BEGIN Data under study

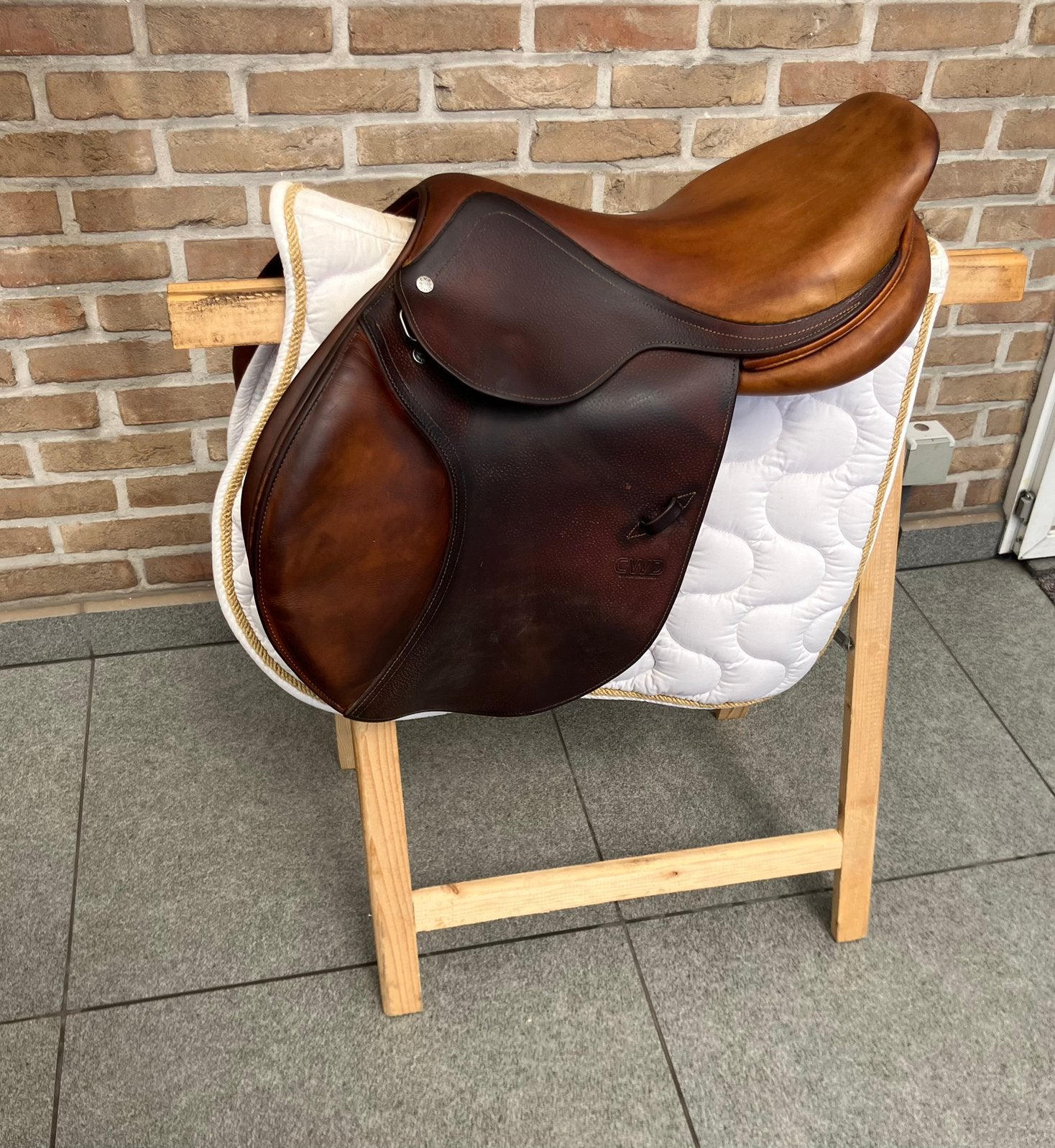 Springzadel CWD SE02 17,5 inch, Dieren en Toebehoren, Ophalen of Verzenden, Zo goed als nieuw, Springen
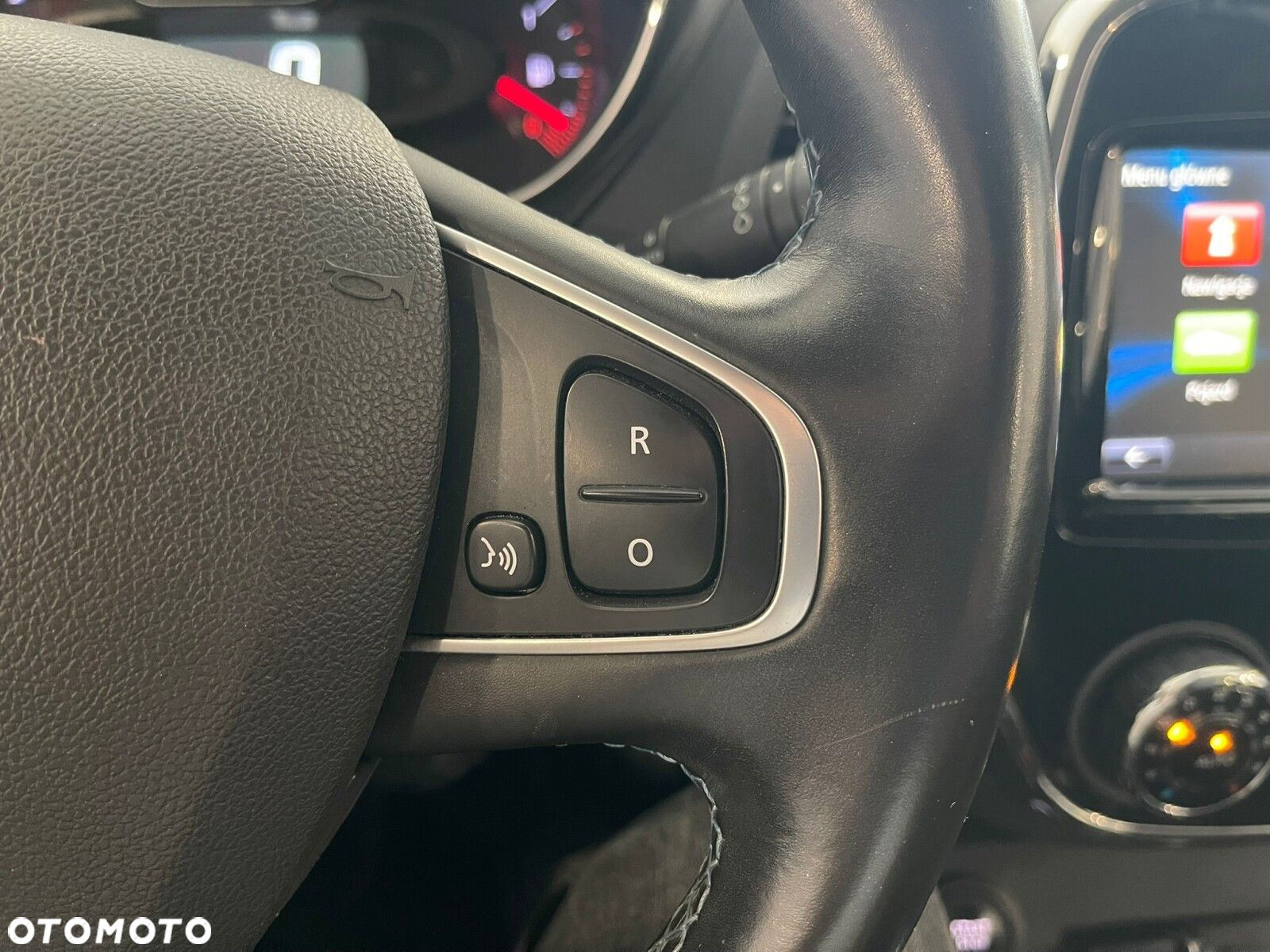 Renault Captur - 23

END Data under study
BEGIN Data under study

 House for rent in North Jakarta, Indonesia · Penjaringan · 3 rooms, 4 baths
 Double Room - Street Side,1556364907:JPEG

END Data under study

- Task to complete -
Extract, without any images, the part of the material above that opens with the line containing "Springzadel CWD SE02" and closes with the line containing "Renault Captur - 23", both lines included.

- Solved exercise -
 Springzadel CWD SE02 17,5 inch, Dieren en Toebehoren, Ophalen of Verzenden, Zo goed als nieuw, Springen
 Renault Captur - 23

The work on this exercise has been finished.